Aber ist es nicht ein Fall von „Fake News“, wenn manche Bürger tatsächlich glauben, sie lebten wieder und immer noch in einer Diktatur? Wer den Unterschied zwischen dem alten kommunistischen Unrechtsstaat und dem heutigen Rechtsstaat ignoriert, wer nicht klar kommt mit der Tatsache, dass in Deutschland die Mehrheit der Wähler liberale Parteien wählt und diese also regieren, wer die heutige liberale Demokratie illiberal findet und wer sich also bei den wirklichen Illiberalen vom Schlage Putins wohler fühlt als mit Merkel & Co. – wie kann solchen Menschen geholfen werden? Nun, es wird ihnen ja bereits geholfen, von einer Partei, die unsere Freiheit im Namen einer anderen, neuartigen Freiheit bekämpft. Man kennt das Motiv aus anderen Ländern mit autoritären Regierungen oder Parteien. Auch dort ist eine Umwertung der Werte im Gang. Die schlechte Freiheit des „Westens“ soll durch eine gute Freiheit ersetzt werden, die nationaler, bodenständiger und, vor allem, dauerhafter ist als jene. Es ist schon bemerkenswert, wenn sich ein Viertel der ostdeutschen Wähler, darunter viele Leute, die echte Unfreiheitserfahrungen gemacht haben, einer solchen Irrfahrt anschließt.

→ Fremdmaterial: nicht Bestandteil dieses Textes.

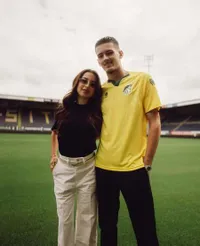 Potret Jennifer Coppen Temani Justin Hubner ke Club Sepak Bola Baru, Bangga dengan Sang Kekasih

Es wird interessant zu beobachten sein, wie sich die „Altparteien“ zur stark gewordenen Protestpartei AfD verhalten.


Um aber auch Platz zu lassen für das Positive: die Wahlen in Sachsen und Brandenburg haben zu einem rasanten Anstieg der Wahlbeteiligung geführt. Überall wurde, auf den Plätzen und Straßen, diskutiert und gestritten, und oft ging es dabei, wie zu hören ist, tatsächlich um Sachthemen. Lange hat man sich über „Politikverdrossenheit“ beklagt, und darüber, dass die Parteien austauschbar seien. Nun bewegt sich was, und wer das nicht begrüßt, hat selbst wohl ein Problem mit der Demokratie. Es wird interessant zu sein, wie sich die „Altparteien“ zur stark gewordenen Protestpartei AfD verhalten. Bleibt es bei der Ausgrenzung (für die es gute Gründe gibt), oder kommt es irgendwann zur Zusammenarbeit, und wie sähe sie dann aus. Vielleicht wird man sich an die gestrigen Wahlen erinnern als an die letzten, bei denen überhaupt in Ostdeutschland noch eine Regierung ohne AfD gebildet werden konnte. Vielleicht. Bald sind schon Wahlen in Thüringen und, wer weiß, vielleicht setzt sich dort rot-rot-grün durch.